This study gathers data from across England, where the intensity, duration, and frequency of heatwaves are gradually increasing due to climate change. England’s healthcare infrastructure is generally unsuited for excessive heat, as most facilities are not equipped with air conditioning; roughly 90% of English hospitals are vulnerable to overheating. This study found that depending on the facility, indoor temperature management may be further complicated by unopenable windows and different ventilation and insulation characteristics.
To assess the impacts of hot weather on frontline staff in hospitals as well as overall healthcare delivery and patient safety.

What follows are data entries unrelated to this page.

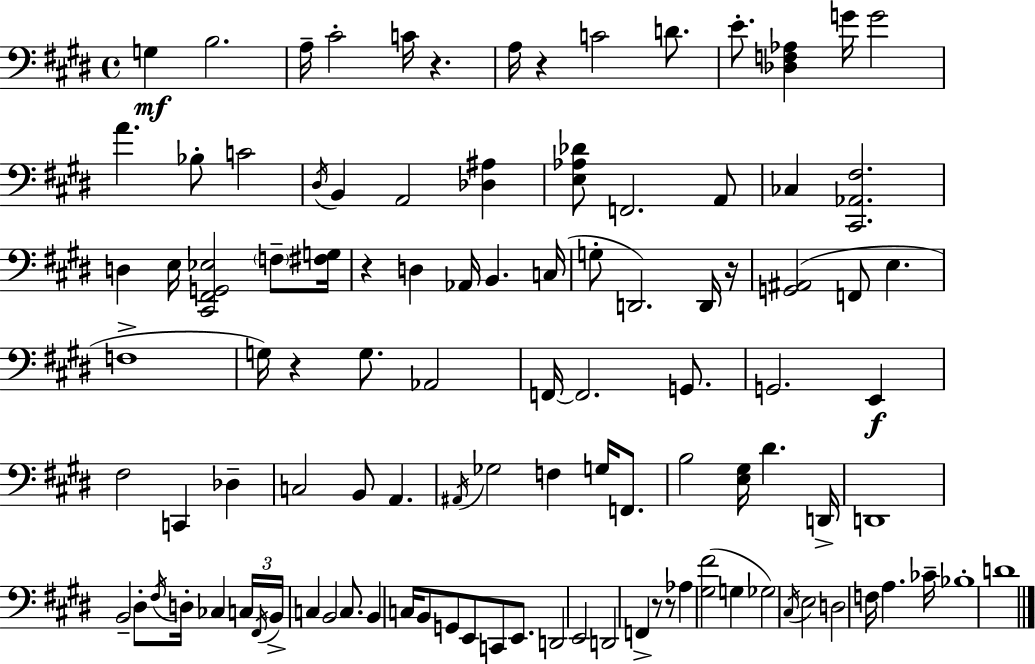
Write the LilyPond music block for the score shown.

{
  \clef bass
  \time 4/4
  \defaultTimeSignature
  \key e \major
  \repeat volta 2 { g4\mf b2. | a16-- cis'2-. c'16 r4. | a16 r4 c'2 d'8. | e'8.-. <des f aes>4 g'16 g'2 | \break a'4. bes8-. c'2 | \acciaccatura { dis16 } b,4 a,2 <des ais>4 | <e aes des'>8 f,2. a,8 | ces4 <cis, aes, fis>2. | \break d4 e16 <cis, fis, g, ees>2 \parenthesize f8-- | <fis g>16 r4 d4 aes,16 b,4. | c16( g8-. d,2.) d,16 | r16 <g, ais,>2( f,8 e4. | \break f1-> | g16) r4 g8. aes,2 | f,16~~ f,2. g,8. | g,2. e,4\f | \break fis2 c,4 des4-- | c2 b,8 a,4. | \acciaccatura { ais,16 } ges2 f4 g16 f,8. | b2 <e gis>16 dis'4. | \break d,16-> d,1 | b,2-- dis8-. \acciaccatura { fis16 } d16-. ces4 | \tuplet 3/2 { c16 \acciaccatura { fis,16 } b,16-> } c4 b,2 | c8. b,4 c16 b,8 g,8 e,8 c,8 | \break e,8. d,2 e,2 | d,2 f,4-> | r8 r8 aes4 <gis fis'>2( | g4 ges2) \acciaccatura { cis16 } e2 | \break d2 f16 a4. | ces'16-- bes1-. | d'1 | } \bar "|."
}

Data were collected from employees working in hospitals located within seven different regions across England. Although the data collected was concerned with these employees’ experiences during the summer of 2019, the data itself was gathered between October 2019 and January 2020. The summer of 2019 was considered warm but not extremely so, making its conditions ideal for understanding healthcare staff’s experiences under more typical summer situations
A total of 14 participants were recruited for this study, including four clinical personnel and 10 non-clinical employees of the National Health Service (NHS). Participants were invited via email for a 1-hour interview. Upon joining the study, each participant completed a short online pre-interview questionnaire using SelectSurvey software. This survey asked questions concerning adherence to England’s Heat-Health Alert action plans, which are part of the country’s broader Heatwave Plan.
Following the pre-interview surveys, each participant took part in a semi-structured interview which addressed their challenges, experiences, lessons learned, and general reflections upon working during the summer of 2019. More specific questions were asked concerning heatwave planning, impacts on participants, preparing and alerting, impacts on the working environment and colleagues, impacts on patients, and suggestions for improving future heatwave resilience. All interviews were recorded and transcribed verbatim.
All data were thematically analyzed and coded with the Evidence for Policy and Practice Information (EPPI) Reviewer software. Thematic analysis was tested and agreed upon by all members of the research team.
Thematic analysis revealed several key themes, including the impacts of heat on individual well-being and health (patient health and safety, as well as occupational health), impacts on the provision of healthcare, barriers to the delivery of healthcare service, issues with heatwave planning, and the considerations involved in adapting to climate change.
Most participants experienced overheating within their healthcare buildings, resulting in adverse effects on themselves, patients, and other staff members. Heat contributed to a lack of energy, stress, a loss of efficiency, and general distress. The heat was noted to be especially difficult on patients who were detained by law within psychological care wards, as these patients were not allowed to open their windows for fear of escaping. There was a high demand for portable fans in all cases.
In some cases, medical storage facilities that were needed to house medications at certain temperatures experienced refrigerator breakdowns. Server rooms also overheated in multiple instances, leading to difficulties in the proper function of computer systems. Intensive care units were particularly affected, as the high temperatures of operating theaters and magnetic resonance imaging (MRI) scanners caused delays in patient care. In one facility that featured an air conditioning unit, the unit itself became overburdened and began leaking condensation onto some relocated patients.
The authors note that the participating clinicians represented a limited range of specialties; future studies conducted with a similar goal might endeavor to include a wider array of healthcare workers. The fact that the interviews were conducted after a heatwave rather than during the event may have impacted participant recall. Additionally, interviews conducted via videocall or telephone may have limited participants’ ability to communicate their experiences.